Give the lines again, unchanged, starting with the line containing "Dior Men's Sauvage Eau de Parfum Spray" and ending with the last line of the data below.

━━━━━━━━

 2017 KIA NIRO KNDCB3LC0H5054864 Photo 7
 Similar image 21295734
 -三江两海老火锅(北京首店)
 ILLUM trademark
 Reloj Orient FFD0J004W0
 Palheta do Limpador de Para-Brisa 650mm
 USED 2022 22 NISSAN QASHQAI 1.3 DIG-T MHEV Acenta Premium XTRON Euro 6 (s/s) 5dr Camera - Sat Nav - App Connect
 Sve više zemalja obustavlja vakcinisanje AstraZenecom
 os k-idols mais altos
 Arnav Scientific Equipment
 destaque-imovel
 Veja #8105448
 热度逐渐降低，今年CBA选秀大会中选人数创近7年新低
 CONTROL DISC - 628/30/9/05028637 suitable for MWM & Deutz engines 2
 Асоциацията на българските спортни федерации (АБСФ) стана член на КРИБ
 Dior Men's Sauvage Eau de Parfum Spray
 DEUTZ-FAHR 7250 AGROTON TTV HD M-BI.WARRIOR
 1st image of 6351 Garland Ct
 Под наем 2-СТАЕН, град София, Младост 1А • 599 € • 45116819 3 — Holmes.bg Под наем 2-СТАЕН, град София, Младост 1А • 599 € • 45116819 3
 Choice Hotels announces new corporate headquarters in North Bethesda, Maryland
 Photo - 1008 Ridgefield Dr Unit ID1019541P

━━━━━━━━

Solved problem:
 Dior Men's Sauvage Eau de Parfum Spray
 DEUTZ-FAHR 7250 AGROTON TTV HD M-BI.WARRIOR
 1st image of 6351 Garland Ct
 Под наем 2-СТАЕН, град София, Младост 1А • 599 € • 45116819 3 — Holmes.bg Под наем 2-СТАЕН, град София, Младост 1А • 599 € • 45116819 3
 Choice Hotels announces new corporate headquarters in North Bethesda, Maryland
 Photo - 1008 Ridgefield Dr Unit ID1019541P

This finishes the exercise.